§ **Brief**
Down to the last line, set the entries down again exactly.

[Short descriptive text snippets]
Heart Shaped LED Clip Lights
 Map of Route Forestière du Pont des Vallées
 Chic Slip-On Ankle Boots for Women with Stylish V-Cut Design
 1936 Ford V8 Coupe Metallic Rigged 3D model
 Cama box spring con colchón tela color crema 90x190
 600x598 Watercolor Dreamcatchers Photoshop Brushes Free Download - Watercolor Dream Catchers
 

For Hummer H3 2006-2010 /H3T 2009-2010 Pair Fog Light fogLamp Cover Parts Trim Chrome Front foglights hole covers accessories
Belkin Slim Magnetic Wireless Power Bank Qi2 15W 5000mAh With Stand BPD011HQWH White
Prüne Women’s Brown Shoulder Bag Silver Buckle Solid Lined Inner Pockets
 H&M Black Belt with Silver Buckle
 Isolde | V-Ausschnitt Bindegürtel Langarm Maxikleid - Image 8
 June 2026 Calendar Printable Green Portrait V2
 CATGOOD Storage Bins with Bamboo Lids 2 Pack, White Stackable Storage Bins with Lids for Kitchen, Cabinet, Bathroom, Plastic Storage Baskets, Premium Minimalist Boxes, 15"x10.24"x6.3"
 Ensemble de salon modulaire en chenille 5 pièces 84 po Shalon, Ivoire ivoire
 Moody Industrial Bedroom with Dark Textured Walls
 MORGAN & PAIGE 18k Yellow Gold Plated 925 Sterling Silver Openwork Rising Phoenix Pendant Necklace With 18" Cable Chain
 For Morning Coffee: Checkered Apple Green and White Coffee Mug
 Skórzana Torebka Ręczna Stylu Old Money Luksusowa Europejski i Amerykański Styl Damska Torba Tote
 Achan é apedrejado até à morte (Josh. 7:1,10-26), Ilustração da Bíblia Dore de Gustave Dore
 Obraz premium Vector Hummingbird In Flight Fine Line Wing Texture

§ **Answer space**
Heart Shaped LED Clip Lights
 Map of Route Forestière du Pont des Vallées
 Chic Slip-On Ankle Boots for Women with Stylish V-Cut Design
 1936 Ford V8 Coupe Metallic Rigged 3D model
 Cama box spring con colchón tela color crema 90x190
 600x598 Watercolor Dreamcatchers Photoshop Brushes Free Download - Watercolor Dream Catchers
 

For Hummer H3 2006-2010 /H3T 2009-2010 Pair Fog Light fogLamp Cover Parts Trim Chrome Front foglights hole covers accessories
Belkin Slim Magnetic Wireless Power Bank Qi2 15W 5000mAh With Stand BPD011HQWH White
Prüne Women’s Brown Shoulder Bag Silver Buckle Solid Lined Inner Pockets
 H&M Black Belt with Silver Buckle
 Isolde | V-Ausschnitt Bindegürtel Langarm Maxikleid - Image 8
 June 2026 Calendar Printable Green Portrait V2
 CATGOOD Storage Bins with Bamboo Lids 2 Pack, White Stackable Storage Bins with Lids for Kitchen, Cabinet, Bathroom, Plastic Storage Baskets, Premium Minimalist Boxes, 15"x10.24"x6.3"
 Ensemble de salon modulaire en chenille 5 pièces 84 po Shalon, Ivoire ivoire
 Moody Industrial Bedroom with Dark Textured Walls
 MORGAN & PAIGE 18k Yellow Gold Plated 925 Sterling Silver Openwork Rising Phoenix Pendant Necklace With 18" Cable Chain
 For Morning Coffee: Checkered Apple Green and White Coffee Mug
 Skórzana Torebka Ręczna Stylu Old Money Luksusowa Europejski i Amerykański Styl Damska Torba Tote
 Achan é apedrejado até à morte (Josh. 7:1,10-26), Ilustração da Bíblia Dore de Gustave Dore
 Obraz premium Vector Hummingbird In Flight Fine Line Wing Texture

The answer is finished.